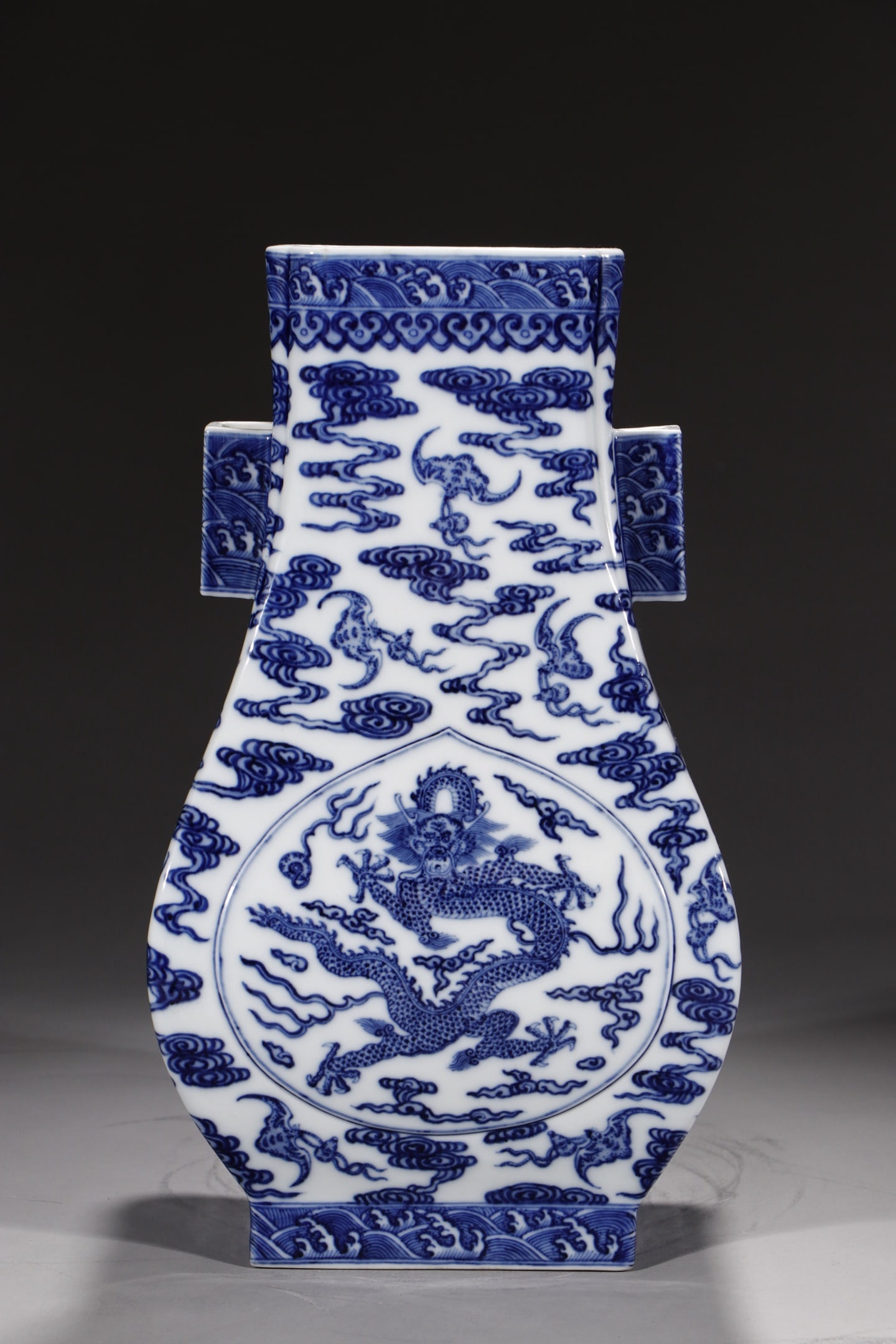 A Rare Blue and White Auspicious Cloud and Dragon Pattern Double-Ears Vase: A Rare Blue and White Auspicious Cloud and Dragon Pattern Double-Ears Vase,Qing Dynasty,China,Qianlong Six-character Mark,Size:14in 青花祥云龙纹双耳
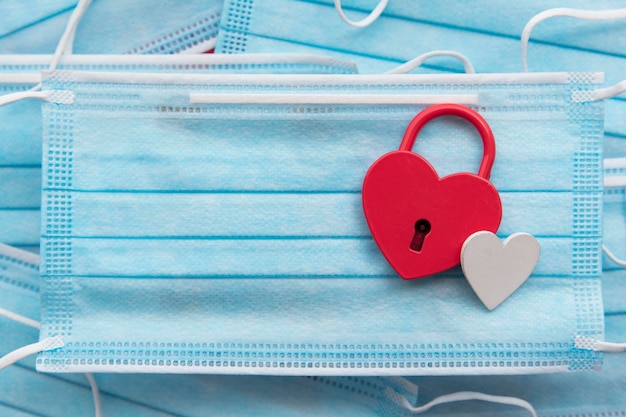 Heart shaped padlock on a protective face mask covid valentines\
day concept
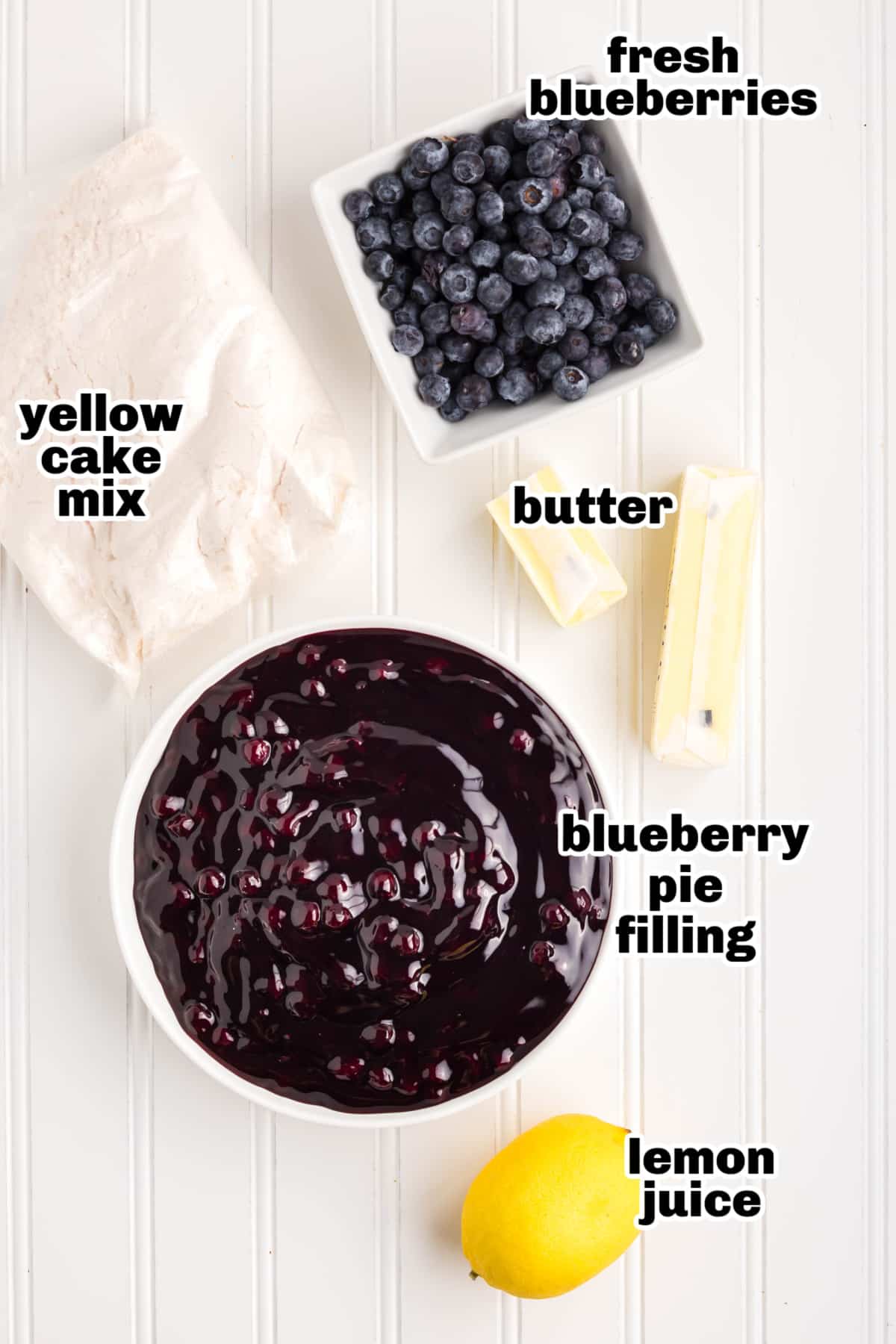 Overhead view of ingredients like cake mix, pie filling, blueberries, lemon, and butter on a countertop.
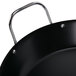 A close-up of a black American Metalcraft wrought iron paella pan with a handle.
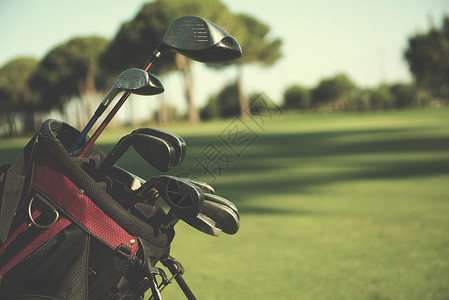 美丽的日出时,球场上高尔夫球袋的特写镜头,球杆球前球场上的特写高尔夫包图片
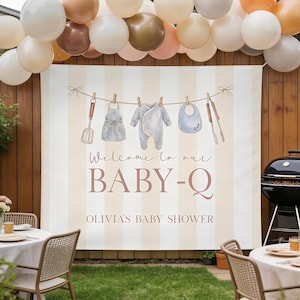 May include: A baby shower banner with a striped background and the text "Welcome to our BABY-Q, Olivia's Baby Shower." The banner features illustrations of baby clothes and grilling tools hanging on a clothesline, with balloons overhead.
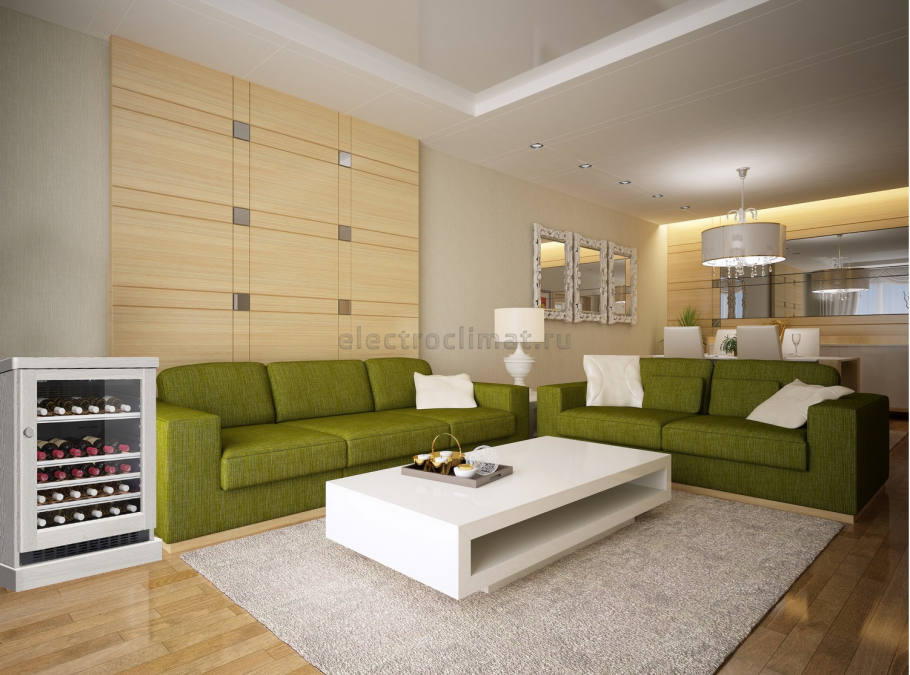 Зеленый диван в бежевом интерьере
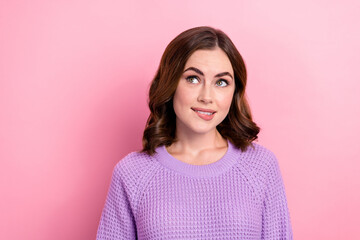 Poster - Portrait of optimistic thoughtful girl curly hairdo wear violet pullover look empty space biting lip isolated on pink color background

■ ■ ■ ■

## WHAT YOU NEED TO DO
The answer should contain nothing but the lines from the top of the data above through the line containing "美丽的日出时,球场上高尔夫球袋的特写镜头,球杆球前球场上的特写高尔夫包图片", copied exactly, with no images.

## EXERCISE ANSWER
 A Rare Blue and White Auspicious Cloud and Dragon Pattern Double-Ears Vase: A Rare Blue and White Auspicious Cloud and Dragon Pattern Double-Ears Vase,Qing Dynasty,China,Qianlong Six-character Mark,Size:14in 青花祥云龙纹双耳
 Heart shaped padlock on a protective face mask covid valentines\
day concept
 Overhead view of ingredients like cake mix, pie filling, blueberries, lemon, and butter on a countertop.
 A close-up of a black American Metalcraft wrought iron paella pan with a handle.
 美丽的日出时,球场上高尔夫球袋的特写镜头,球杆球前球场上的特写高尔夫包图片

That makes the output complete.